# Shotshells For Defense



## Ruger71 (Jan 15, 2007)

My mom does some traveling with her job and carries a .38 Special in her purse. My dad came up with the idea to load every other cylinder with a shotshell then set it so that a shotshell was the first thing up. The idea is to just point and shoot on the first shot and stun the bad guy and give more time to get serious with the second shot (my mom is a good shot). We have played with the shotshells some and they will put the wadding through a feed sack at 15 yards, no doubt they will get your attention. Both her and dad are comfortable with the idea, but I am not as sure myself. Especially if the bad guy was doped up. What are your thoughts?


----------



## Mike Barham (Mar 30, 2006)

We discussed this very recently here: http://www.handgunforum.net/showthread.php?t=8591&highlight=shotshell.

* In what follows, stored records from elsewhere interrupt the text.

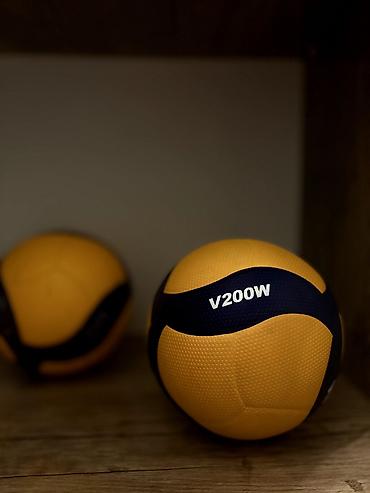 кубок мира фифа: Волейбольный мяч Mikasa V200W - Официальный игровой мяч FIVB — 1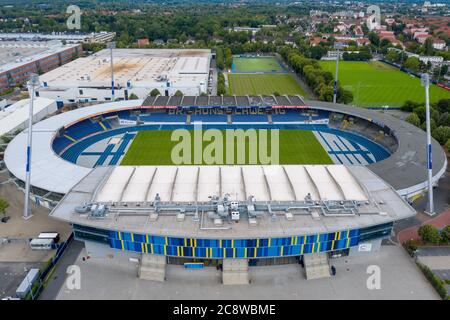 Brunswick, Allemagne. 17 juillet 2020. Firo: 17.07.2020, football, 2.Bundesliga, saison 2020/2021, Eintracht Braunschweig (Brunswick) (Brunswick), Eintracht-Stadion, Direction Championnats d'athlétisme allemands 2020, drone, enregistrement de drone, | usage dans le monde crédit: dpa/Alamy Live News Banque D'Images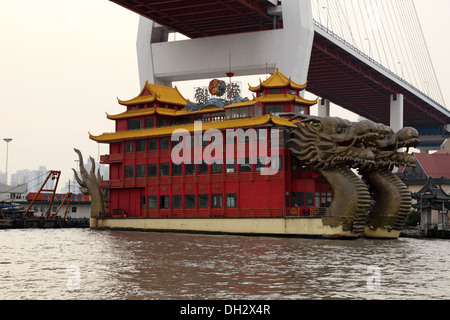 Dragon-Schiffsrestaurant am Huangpu River in Shanghai, China Stockfoto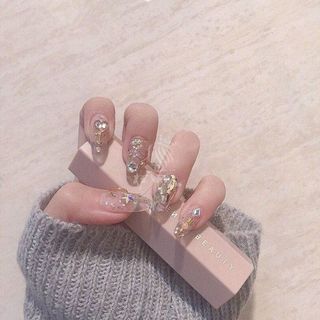 (Category: ) located in . Submitted by minono (Listing ID 1010957735, Image 1). Description: .
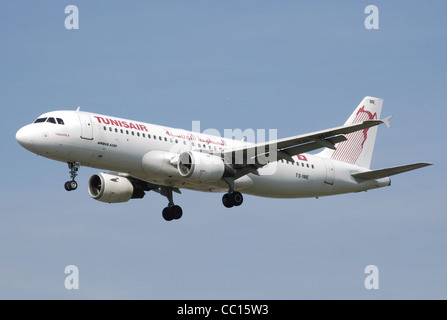 Tunisair Airbus A320-200 (TS-IME) landet am Flughafen London Heathrow. Stockfoto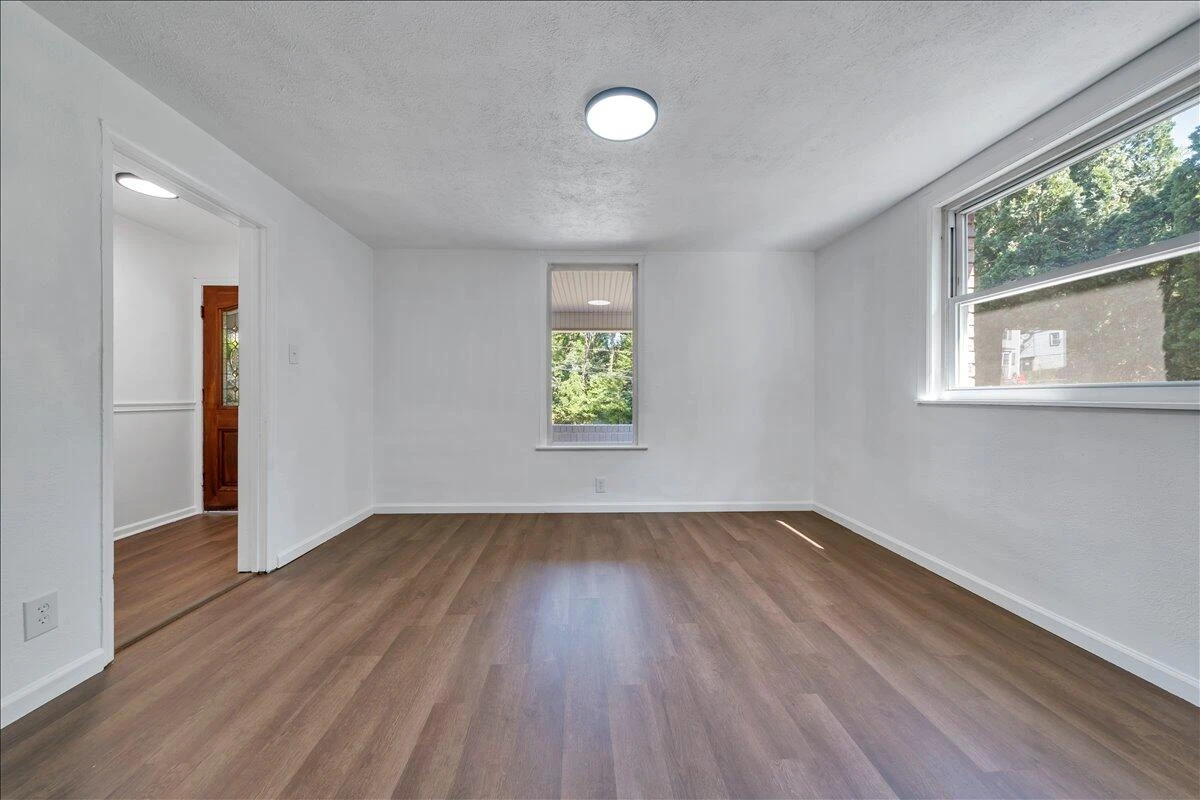 1316 North AVE NE - Photo 6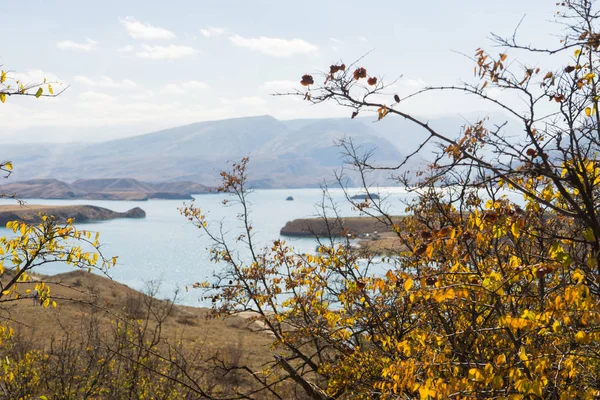 Inspiring nature, high mountains and a pond — Stock Photo, Image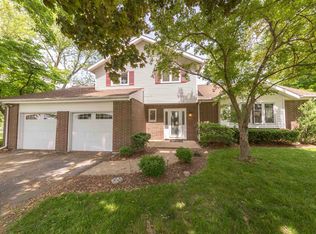 53215 Haddington Dr, South Bend, IN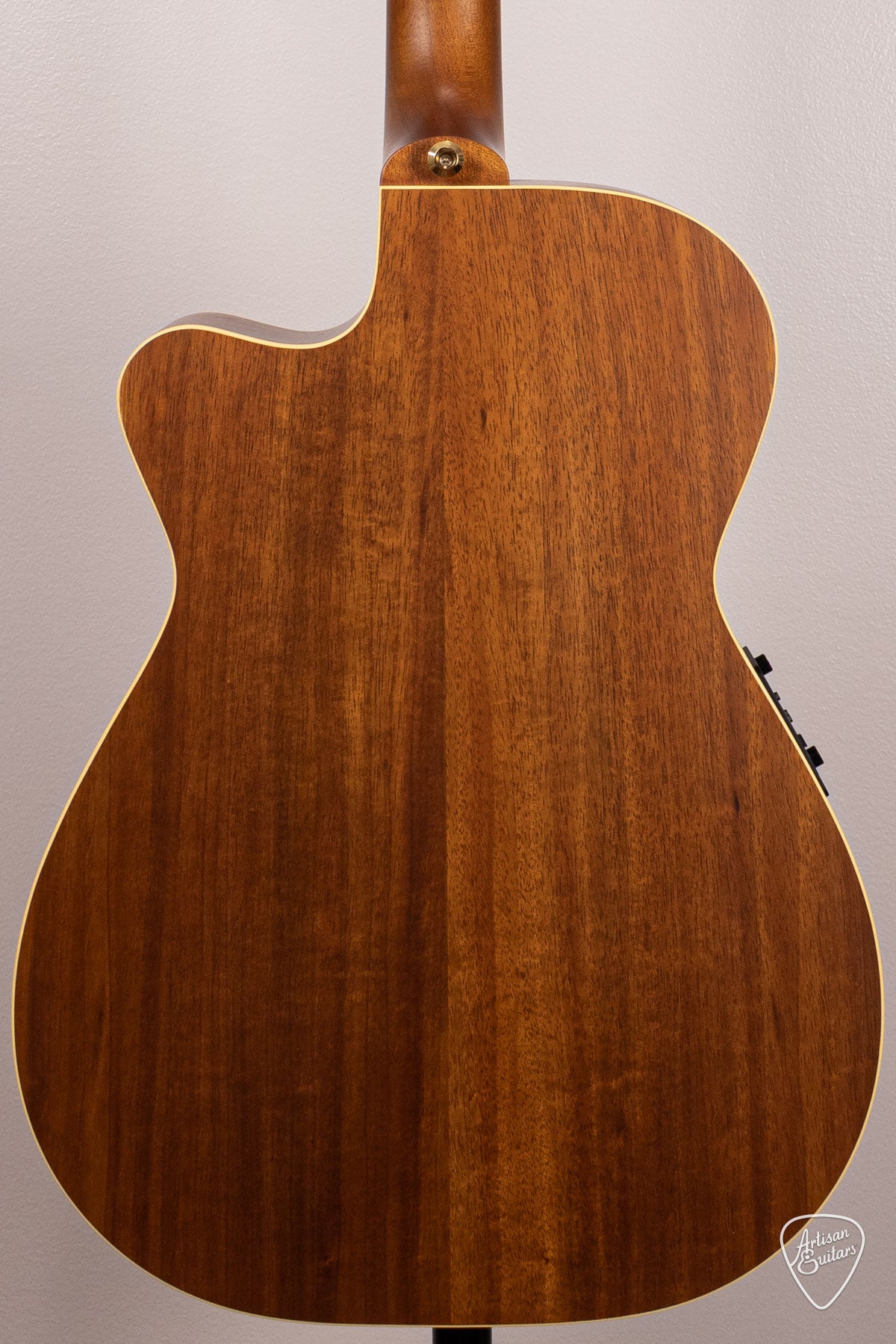 Maton Guitars EBG-808C Nashville Cutaway - 16971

Your folks should bear in mind that fights happen in very compressed time frames. You may only get one shot. It needs to count.


----------



## Captain (May 8, 2007)

I can't agree more with mike I want my first shot to count just as much as the second. As far as home defense goes I not interested in getting ther attention I more concerned that they are no longer moving when they leave :enforcer:


----------



## LoneWolf (Jan 2, 2007)

Captain said:


> I can't agree more with mike I want my first shot to count just as much as the second. As far as home defense goes I not interested in getting ther attention I more concerned that they are no longer moving when they leave :enforcer:


I couldn't of said it any better...............


----------



## milquetoast (Nov 25, 2006)

Rather a bad idea, in my opinion. This is life and death we're talking about. She may need every shot, to avoid having her head cut off, or intestines cut out. Self defense is unbelievably ghastly.
Every shot should be with the most effective ammunition she can handle.


----------



## Snowman (Jan 2, 2007)

I agree with what's been said. Having only 5 or 6 shots in the first place, I wouldn't want just half of them to be truly effective vs. the attacker.


----------



## Ruger71 (Jan 15, 2007)

You all just confirmed what I already thought. Thanks for the input.


----------